I think what's much more likely is that both halves of the statement are true, but not at the same time: At maximum output, the compute is 50% better than the 2080 Ti and the TDP is practically the same for that, but at some low-compute use case like idle/web surfing, the TDP is halved.
 
Intel wasn't waiting around. They screwed the pooch with their process tech. IF they had 10nm as they expected we wouldn't be having this conversation. Sucks to be them.

Even without the node issues, I think Intel would have continued to release 4 core chips on the desktop for as long as they possibly could.
 
I imagine it'll have 50% the maximum clock speed, too. o_O
 
Even without the node issues, I think Intel would have continued to release 4 core chips on the desktop for as long as they possibly could.

IIRC their 10nm release schedule had 6 and 8c cpu's on the desktop.
 
Sounds ambitious. I’ll believe it when I see it. I’ve learned not to pay too much attention to the rumour mill when it comes to these things, because the rumour mill often turns out to be BS, especially this early in the game.
 
Intel wasn't waiting around. They screwed the pooch with their process tech. IF they had 10nm as they expected we wouldn't be having this conversation. Sucks to be them.

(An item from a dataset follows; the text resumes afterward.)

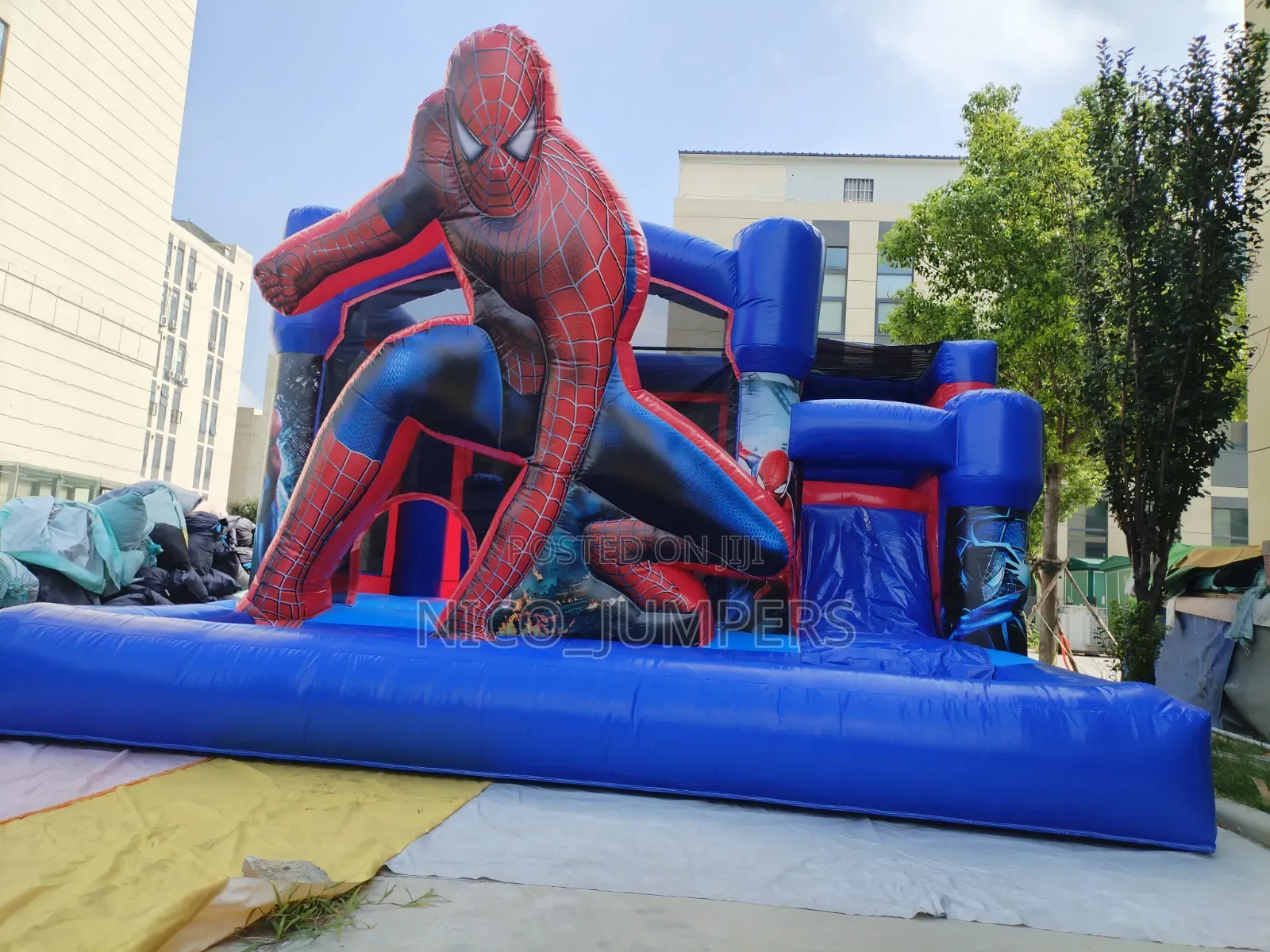 Bouncing Castles/Trampolines Available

Cant blame 10nm for that. AMD had 8 core flagship desktop CPUs on 14nm and Intel was still flogging 4 core i9’s.
 
sure it's 50% faster..... at ray tracing because 75% of the die is taken up by RTcores.. ;)
 
The lowest cored i9 was the 8950HK with 6C/12T.

I am sure he meant I7's but, *shrug*, Intel is having major issues and even if they had been 10nm successful, that would not have made them any better than they are now. It was still the same architecture they have used for a long time now, more or less.
 
I am sure he meant I7's but, *shrug*, Intel is having major issues and even if they had been 10nm successful, that would not have made them any better than they are now. It was still the same architecture they have used for a long time now, more or less.

Given his reply to my post, I think he meant i9. Probably just forgot how few "mainstream" i9s there have been. Intel would still be Intel, but I don't know if they would have kept 4c as long as they did at 14nm. If anything adding more cores could have given them more reasons to increase costs. They would definitely have continued giving mainstream chipsets low lane counts and constantly switching sockets though.